International Space Station


Could an astronaut step out of the International Space Station (ISS) and fall to Earth like Baumgartner did from his balloon capsule? The answer is no, that wouldn't work. The ISS itself is already in free fall, in orbit around Earth. There's no balloon holding it up. When astronauts step outside the spacecraft, as they sometimes do to perform repairs, they go on a "space walk" and fly alongside the spacecraft at the same speed as before they stepped out. To them, they are simply floating weightless along with their spacecraft.

If the International Space Station is falling freely without power, why doesn't it fall back to Earth? The answer is that it is in orbit around the Earth. It is falling freely toward Earth, but it is traveling so fast that the curvature of its path matches the curvature of the Earth.
It's the same reason that the Moon doesn't fall to Earth, and the Earth doesn't fall into the Sun.

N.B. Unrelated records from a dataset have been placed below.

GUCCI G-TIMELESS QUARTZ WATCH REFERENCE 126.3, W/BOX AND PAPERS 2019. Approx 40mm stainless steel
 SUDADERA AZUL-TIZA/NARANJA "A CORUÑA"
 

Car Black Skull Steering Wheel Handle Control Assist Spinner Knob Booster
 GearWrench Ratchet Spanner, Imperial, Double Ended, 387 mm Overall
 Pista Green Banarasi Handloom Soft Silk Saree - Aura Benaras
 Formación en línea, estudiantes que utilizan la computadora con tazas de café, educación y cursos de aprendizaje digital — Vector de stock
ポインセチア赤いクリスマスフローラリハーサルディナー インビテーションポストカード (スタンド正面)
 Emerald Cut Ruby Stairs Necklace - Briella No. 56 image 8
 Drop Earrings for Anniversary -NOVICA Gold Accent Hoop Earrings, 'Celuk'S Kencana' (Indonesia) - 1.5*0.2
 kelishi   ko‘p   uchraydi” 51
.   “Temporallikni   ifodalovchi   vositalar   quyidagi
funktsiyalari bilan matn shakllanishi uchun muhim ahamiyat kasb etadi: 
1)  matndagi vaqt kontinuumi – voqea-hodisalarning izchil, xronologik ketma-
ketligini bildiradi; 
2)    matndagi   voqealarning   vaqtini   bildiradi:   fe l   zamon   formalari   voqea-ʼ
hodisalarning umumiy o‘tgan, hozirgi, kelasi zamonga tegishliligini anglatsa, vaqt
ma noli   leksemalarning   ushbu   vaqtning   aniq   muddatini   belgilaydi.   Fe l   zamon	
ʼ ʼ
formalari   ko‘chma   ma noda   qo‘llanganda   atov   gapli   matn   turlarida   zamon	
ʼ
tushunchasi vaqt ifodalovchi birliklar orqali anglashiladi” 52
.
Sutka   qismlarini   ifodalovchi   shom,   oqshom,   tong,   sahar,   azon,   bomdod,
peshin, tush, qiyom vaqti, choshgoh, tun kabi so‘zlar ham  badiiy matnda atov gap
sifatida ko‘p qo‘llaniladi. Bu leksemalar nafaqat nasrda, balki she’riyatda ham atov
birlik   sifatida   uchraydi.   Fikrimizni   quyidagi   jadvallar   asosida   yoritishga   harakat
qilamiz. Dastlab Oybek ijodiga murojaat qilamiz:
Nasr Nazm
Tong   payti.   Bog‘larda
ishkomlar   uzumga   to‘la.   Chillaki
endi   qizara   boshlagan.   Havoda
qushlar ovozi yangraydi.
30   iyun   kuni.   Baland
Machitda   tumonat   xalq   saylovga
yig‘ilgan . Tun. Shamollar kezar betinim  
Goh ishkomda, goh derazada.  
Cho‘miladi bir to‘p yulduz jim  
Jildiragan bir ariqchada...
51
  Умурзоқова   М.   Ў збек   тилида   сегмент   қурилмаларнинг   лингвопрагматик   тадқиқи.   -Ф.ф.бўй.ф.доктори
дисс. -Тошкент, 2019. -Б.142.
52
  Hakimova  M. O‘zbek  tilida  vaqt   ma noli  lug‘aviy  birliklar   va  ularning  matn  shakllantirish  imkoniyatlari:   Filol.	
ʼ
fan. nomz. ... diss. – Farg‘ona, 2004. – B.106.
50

Sir Isaac Newton understood this principle in the 17th century. He even published a picture to illustrate it.

Sir Isaac
                    Newton   Newton's orbit diagram
Sir Isaac Newton and his orbit diagram

If you go to the top of a tall mountain and fire a cannon horizontally, the cannon ball falls to the ground in a curved path. The more powerful the cannon, the faster the cannon ball, the straighter the path, and the farther the cannon ball travels before it hits the ground. If you could shoot the cannon ball with sufficient speed, the curvature of its path would match the curvature of the Earth, and it would travel endlessly in a circular orbit around Earth. The Moon travels around the Earth in this manner.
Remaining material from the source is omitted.